Data shown:

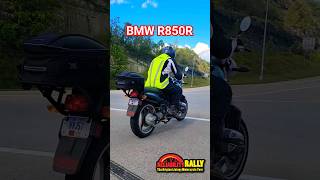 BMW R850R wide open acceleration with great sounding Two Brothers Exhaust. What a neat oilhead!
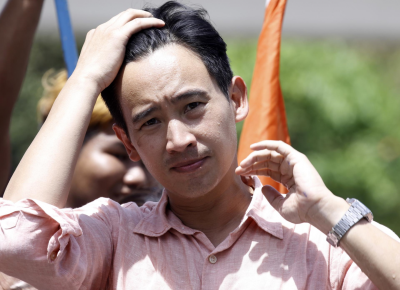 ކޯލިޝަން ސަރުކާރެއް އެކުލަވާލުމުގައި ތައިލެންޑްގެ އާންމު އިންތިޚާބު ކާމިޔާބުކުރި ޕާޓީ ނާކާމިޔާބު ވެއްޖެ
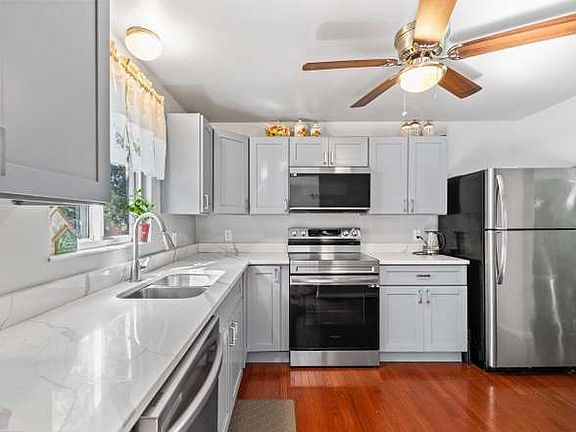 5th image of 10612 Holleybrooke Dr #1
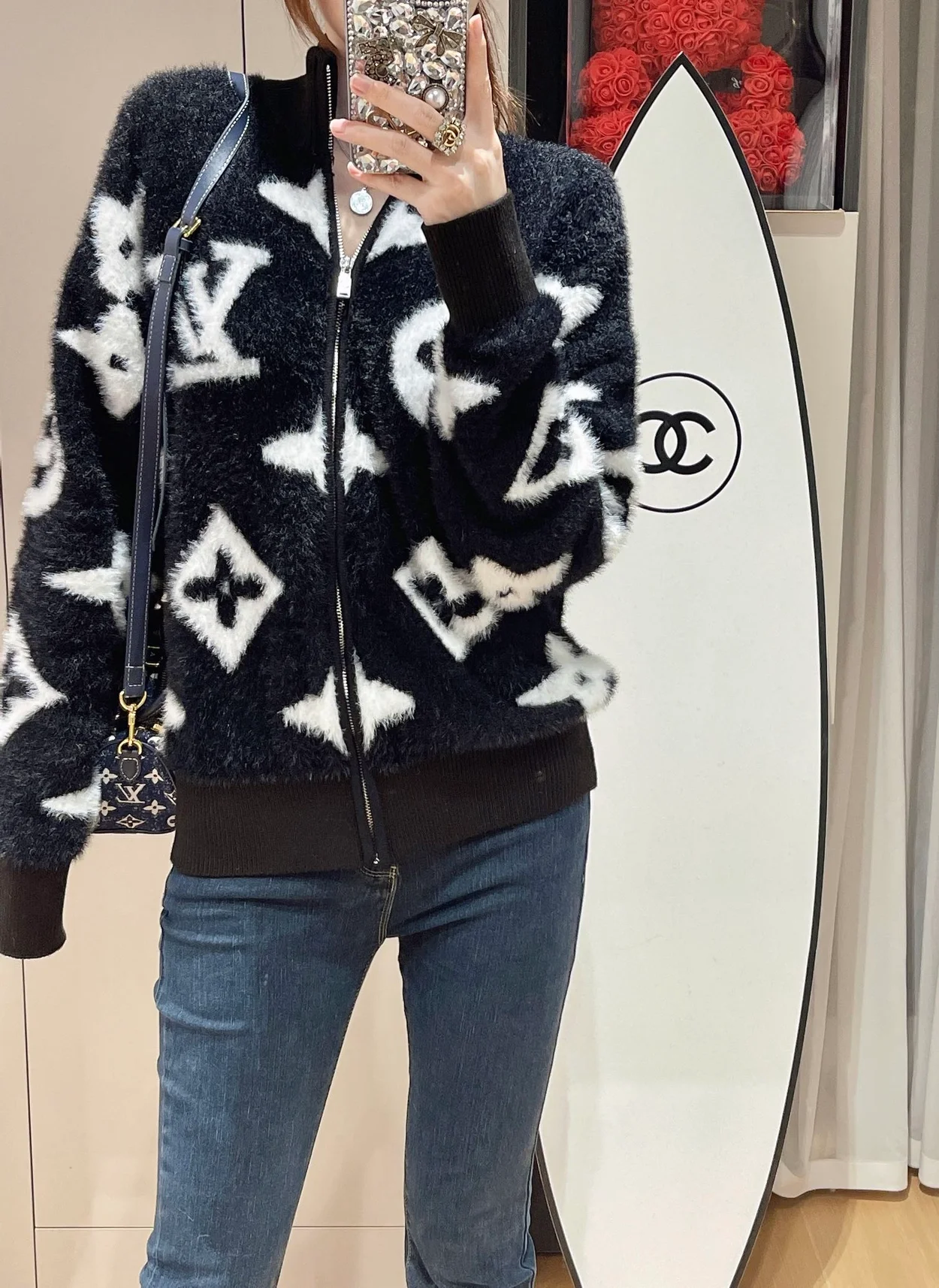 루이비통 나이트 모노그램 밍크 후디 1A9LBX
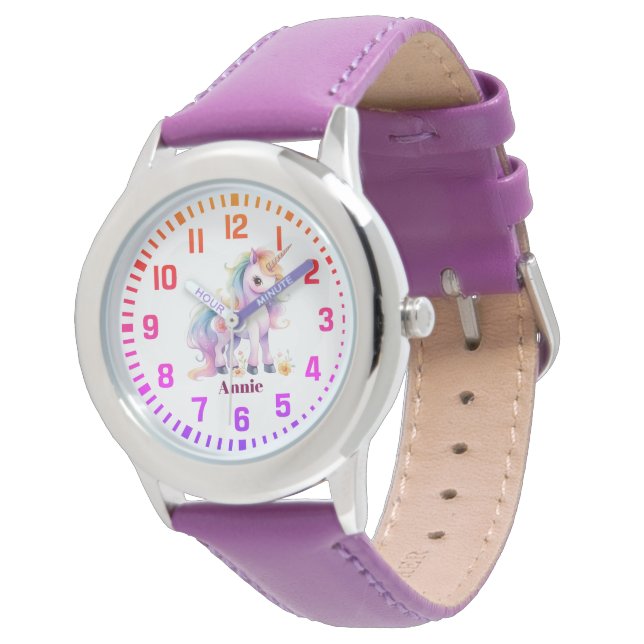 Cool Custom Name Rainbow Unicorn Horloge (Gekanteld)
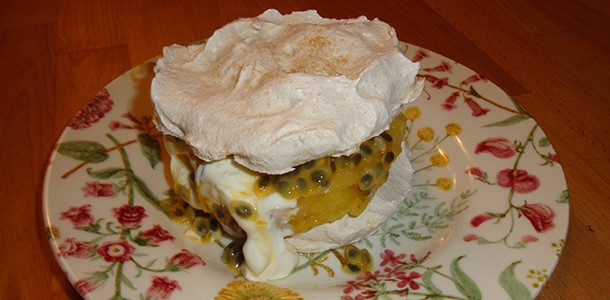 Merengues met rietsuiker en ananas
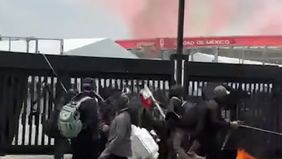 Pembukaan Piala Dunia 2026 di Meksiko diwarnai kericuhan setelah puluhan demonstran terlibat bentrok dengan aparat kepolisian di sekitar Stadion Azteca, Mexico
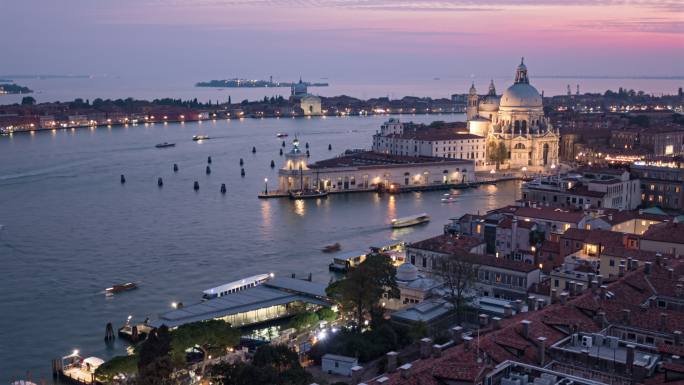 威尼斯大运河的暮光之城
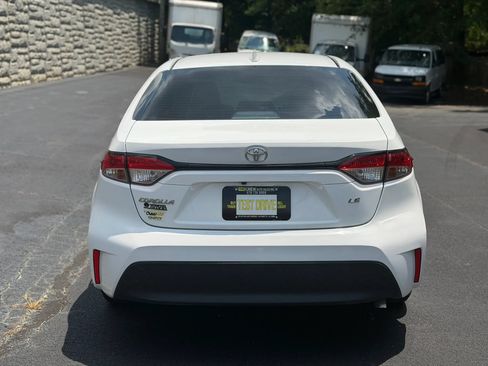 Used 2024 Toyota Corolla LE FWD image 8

Problem: Return exactly the lines that begin with the one containing "Cool Custom Name" and end with the final line of the data above; include no pictures.

Problem solution:
 Cool Custom Name Rainbow Unicorn Horloge (Gekanteld)
 Merengues met rietsuiker en ananas
 Pembukaan Piala Dunia 2026 di Meksiko diwarnai kericuhan setelah puluhan demonstran terlibat bentrok dengan aparat kepolisian di sekitar Stadion Azteca, Mexico
 威尼斯大运河的暮光之城
 Used 2024 Toyota Corolla LE FWD image 8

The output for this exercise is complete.